## Exercise details:
Output nothing but the lines from the one holding "1 Microliter Droplets" to the end of the listing. Reproduce them exactly, without the pictures.

*** Opening Collected data ***

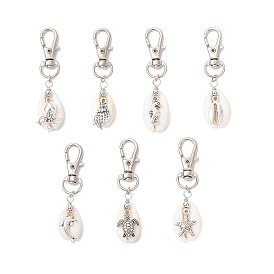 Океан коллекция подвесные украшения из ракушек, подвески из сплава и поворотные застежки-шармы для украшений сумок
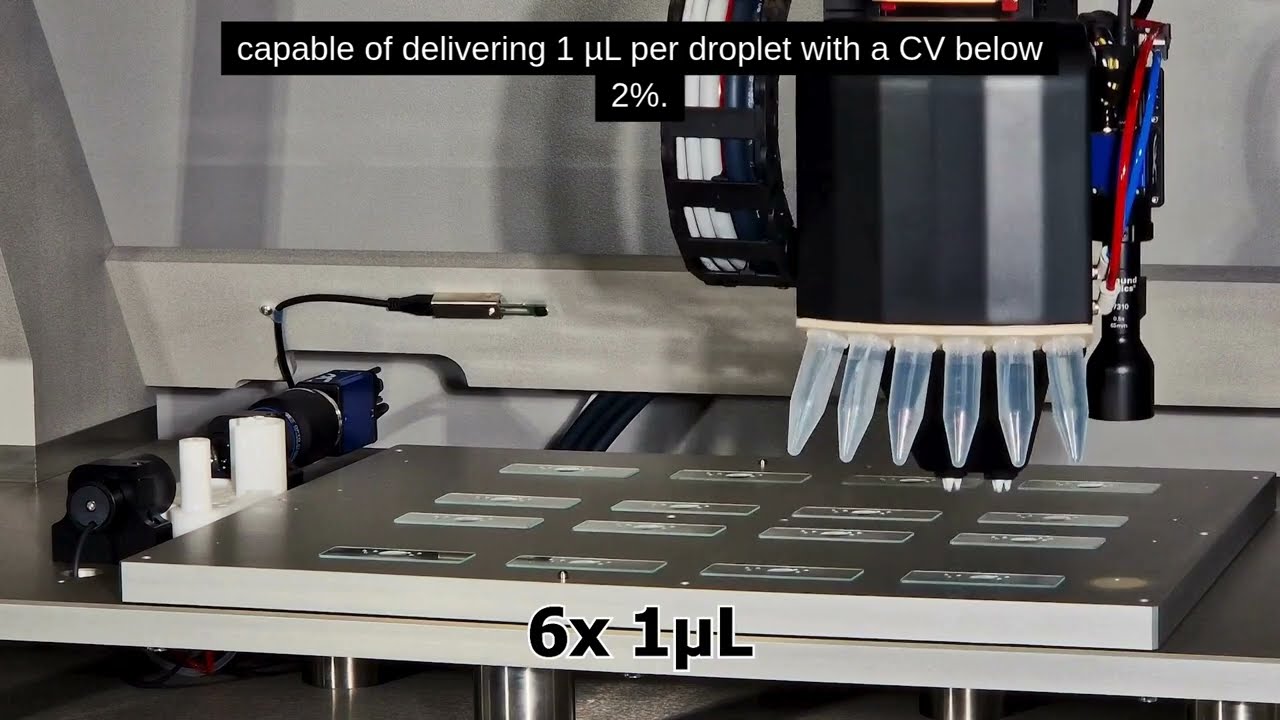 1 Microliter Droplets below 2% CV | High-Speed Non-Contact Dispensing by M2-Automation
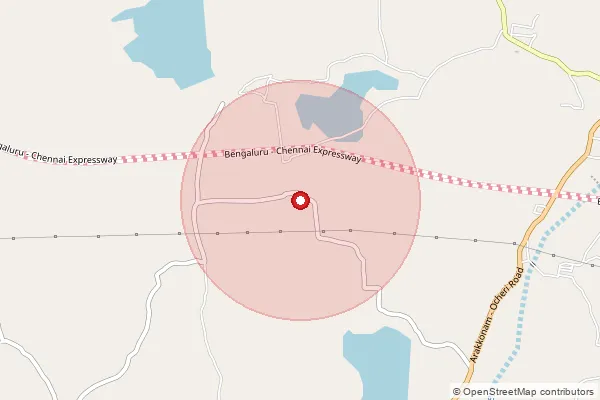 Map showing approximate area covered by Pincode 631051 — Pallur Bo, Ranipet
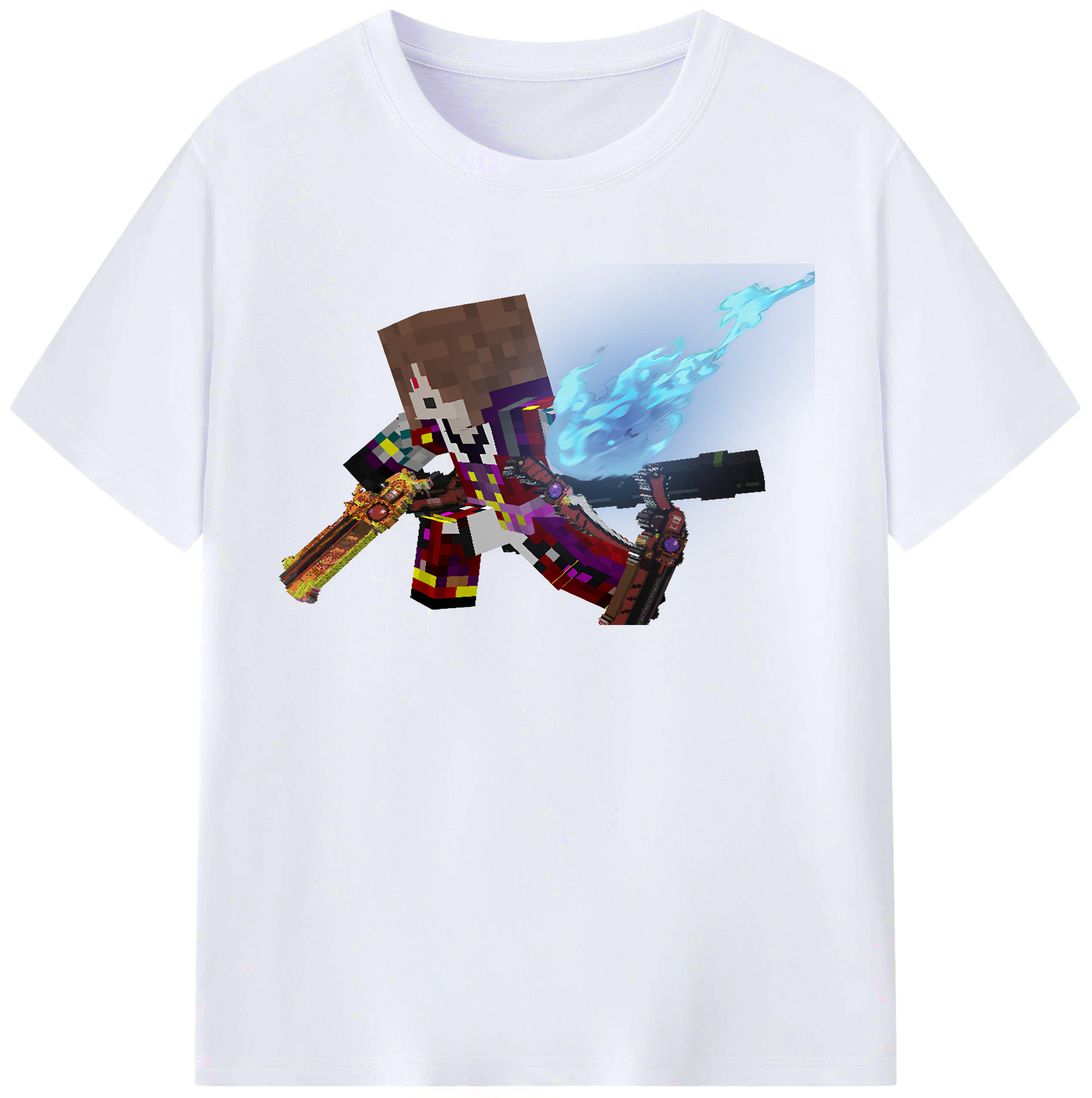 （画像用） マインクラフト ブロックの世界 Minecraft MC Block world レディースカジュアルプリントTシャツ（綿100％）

*** Closing Collected data ***

## Your solution:
 1 Microliter Droplets below 2% CV | High-Speed Non-Contact Dispensing by M2-Automation
 Map showing approximate area covered by Pincode 631051 — Pallur Bo, Ranipet
 （画像用） マインクラフト ブロックの世界 Minecraft MC Block world レディースカジュアルプリントTシャツ（綿100％）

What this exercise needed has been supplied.